Physical approach to complex systems

Typically, complex systems are natural or social systems which consist of a large number of nonlinearly interacting elements. These systems are open, they interchange information or mass with environment and constantly modify their internal structure and patterns of activity in the process of self-organization. As a result, they are flexible and easily adapt to variable external conditions. However, the most striking property of such systems is the existence of emergent phenomena which cannot be simply derived or predicted solely from the knowledge of the systems' structure and the interactions among their individual elements. This property points to the holistic approaches which require giving parallel descriptions of the same system on different levels of its organization. There is strong evidence-consolidated also in the present review-that different, even apparently disparate complex systems can have astonishingly similar characteristics both in their structure and in their behaviour. One can thus expect the existence of some common, universal laws that govern their properties.

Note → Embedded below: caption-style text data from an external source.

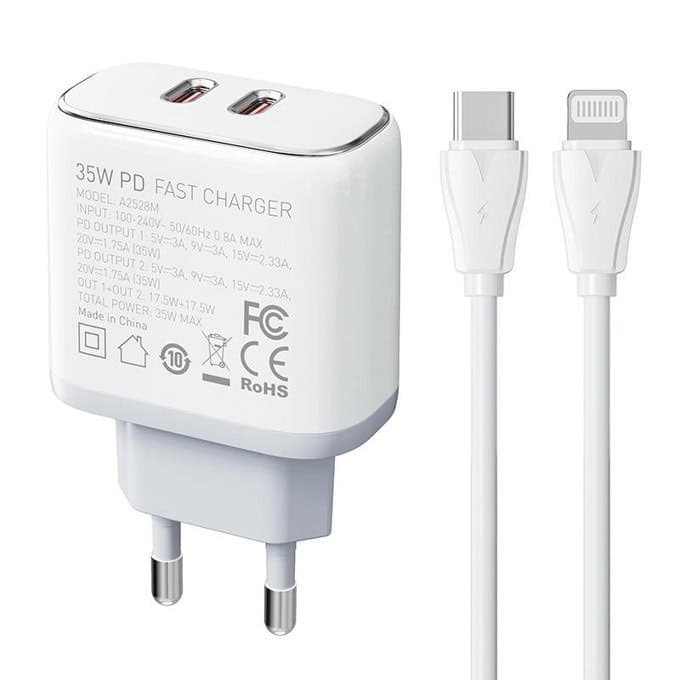 Зарядно устройство LDNIO A2528C, от контакт към 2x USB C(ж), 20V/1.75A, бяло, 35W, кабел от USB C(м) към Lightning(м)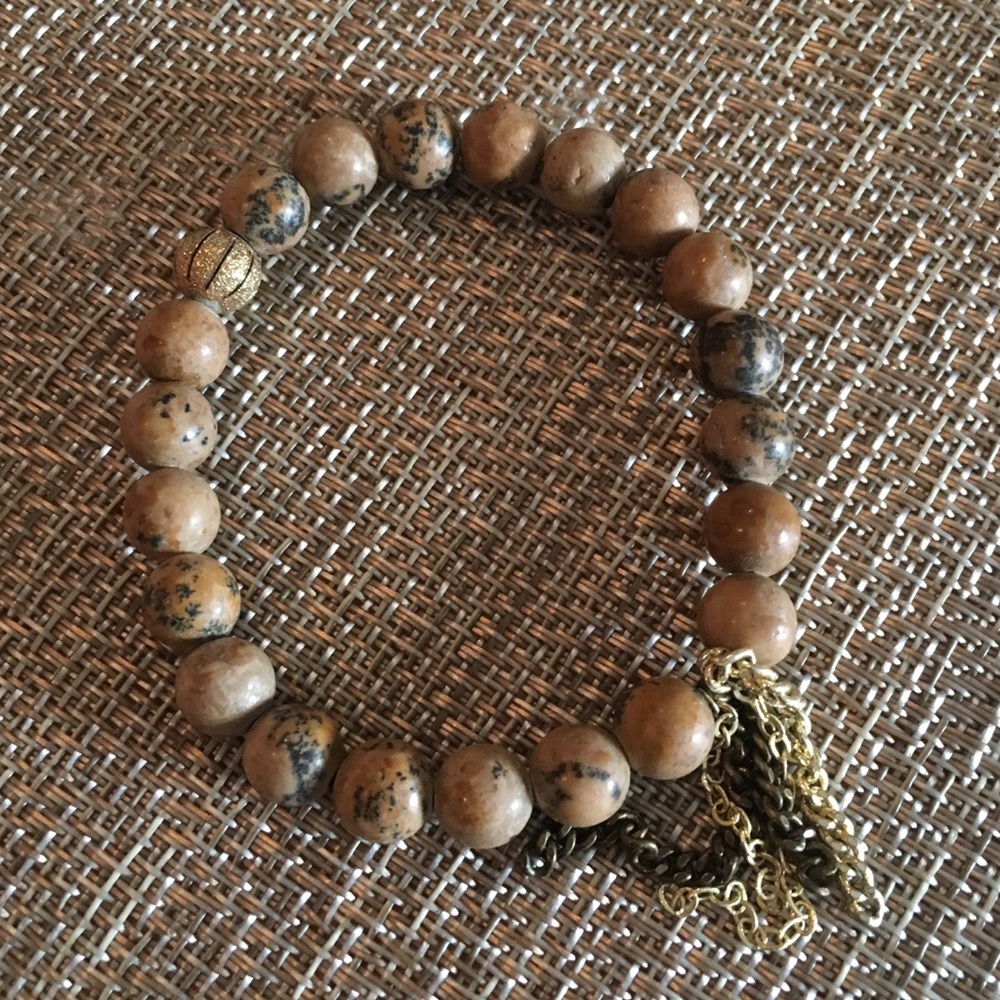 The Lace Project Beaded Tan Bracelet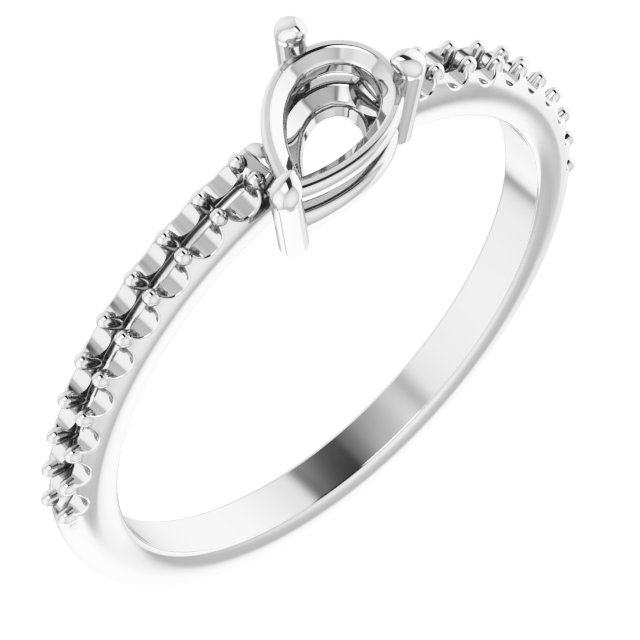 14K White Sapphire & 1/6 CTW Diamond Ring  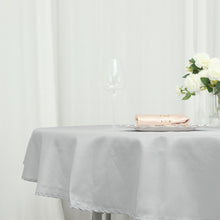 Round Shaped Silver Colored Linen Polyester Tablecloth 70 Inch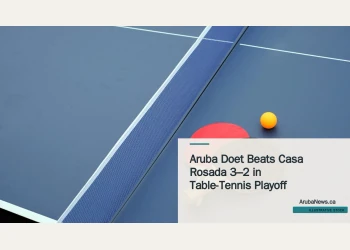Illustrative stock photograph for “Aruba Doet Beats Casa Rosada 3–2 in Table-Tennis Playoff”: two ping pong paddles and a ping pong ball on a blue table Photograph by Inkiipow via Unsplash. This is not a photograph of the specific Aruba news event.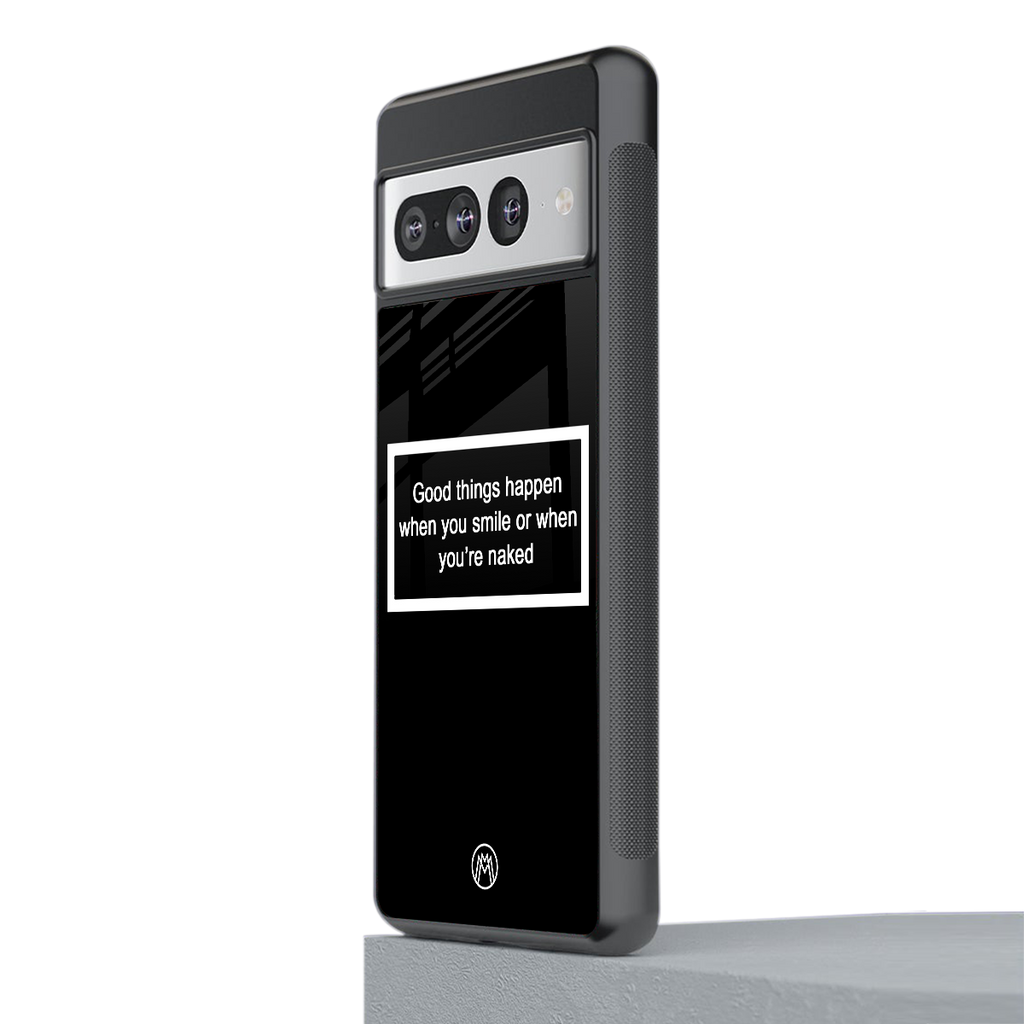 smile or naked black back phone cover | glass case for google pixel 7 pro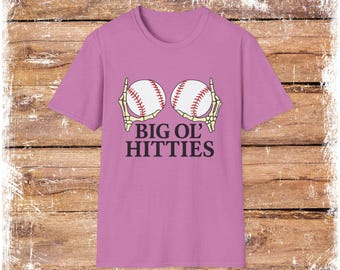 Baseball breasts graphic T-Shirt | Big Ol' Hitties design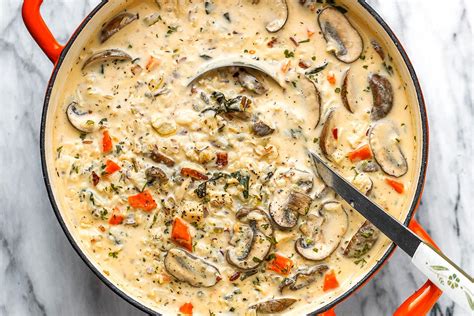 Add the chicken broth, cream, and rice and stir. Crack Chicken wild Rice Soup Recipe with Mushroom and ...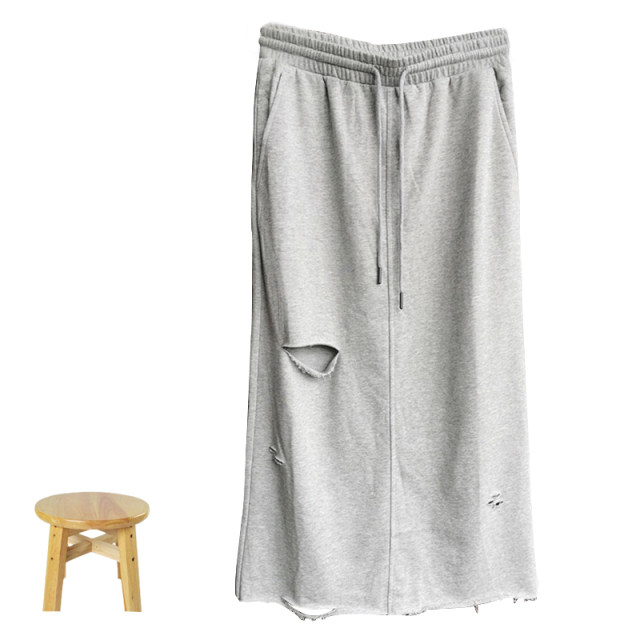 2025 summer gray high-waist casual skirt for women with large size drawstring elastic waist ripped sports versatile midi skirt
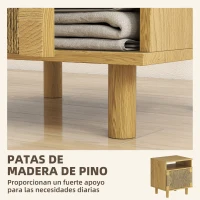 HOMCOM Mesita de Noche Bohemio con Puerta de Cuerda de Papel Estante Abierto Apertura por Presión 45x39x50 cm Roble(m-7)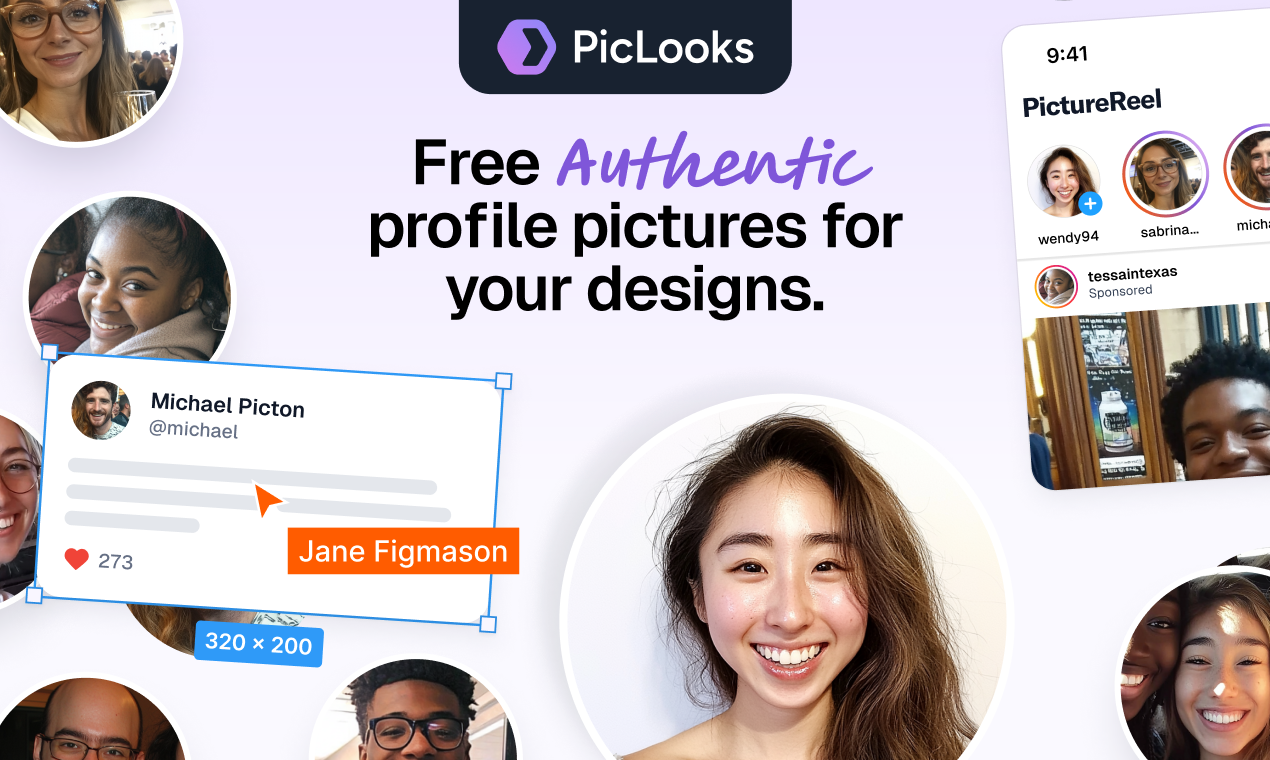 startuptile PicLooks Avatars-Free authentic profile pictures for your designs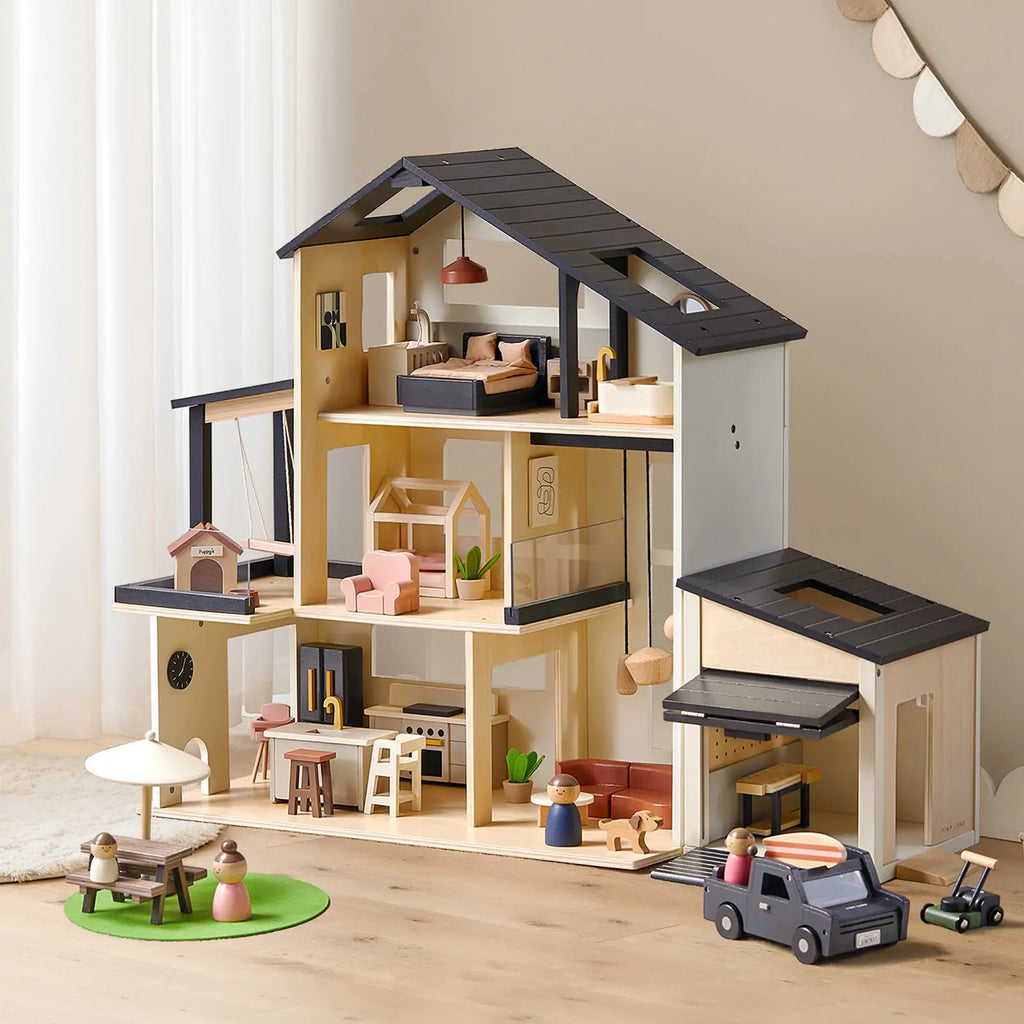 Tiny Land® Sweetwood Edge Black Dollhouse, Garage & Dolls Bundle
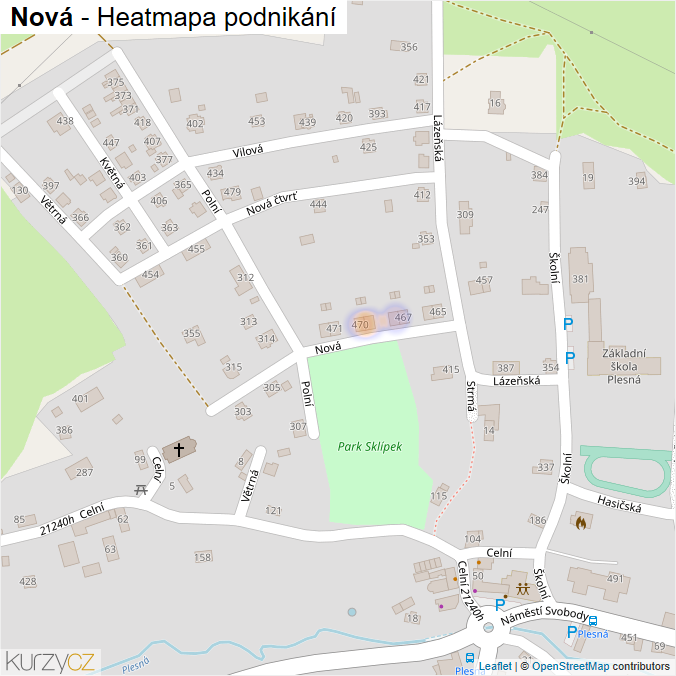 Mapa Nová - Firmy v ulici.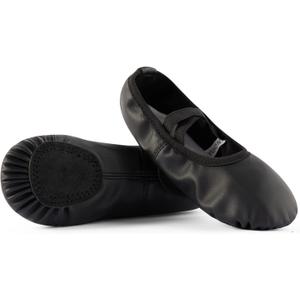 DyingSwan Toddler Ballet Shoes for Girls, Soft Leather Ballet Slippers, No-Tie Ballet Shoes Dance Shoes for Girls10 Toddler (Black)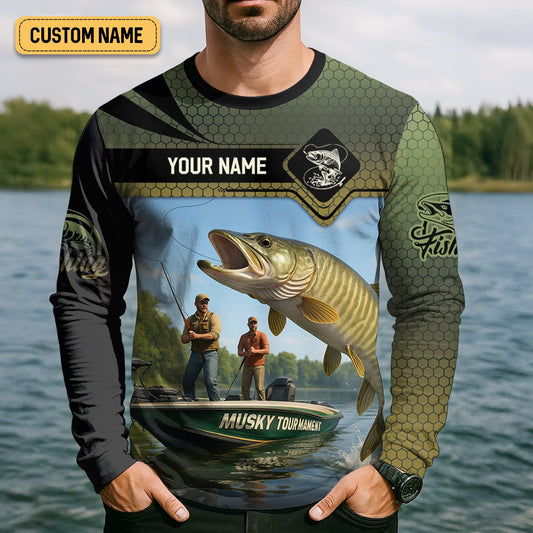 Maxcorners CPR Fishing, SPF Long Sleeve Shirts, Men Button Down Shirt, Best Fishing Gifts, Musky Fishing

Physics methodology proves helpful in addressing many of the related issues. In this review, we advocate some of the computational methods which in our opinion are especially fruitful in extracting information on selected-but at the same time most representative-complex systems like human brain, financial markets and natural language, from the time series representing the observables associated with these systems. The properties we focus on comprise the collective effects and their coexistence with noise, long-range interactions, the interplay between determinism and flexibility in evolution, scale invariance, criticality, multifractality and hierarchical structure. The methods described either originate from "hard" physics-like the random matrix theory-and then were transmitted to other fields of science via the field of complex systems research, or they originated elsewhere but turned out to be very useful also in physics — like, for example, fractal geometry. Further methods discussed borrow from the formalism of complex networks, from the theory of critical phenomena and from nonextensive statistical mechanics. Each of these methods is helpful in analyses of specific aspects of complexity and all of them are mutually complementary.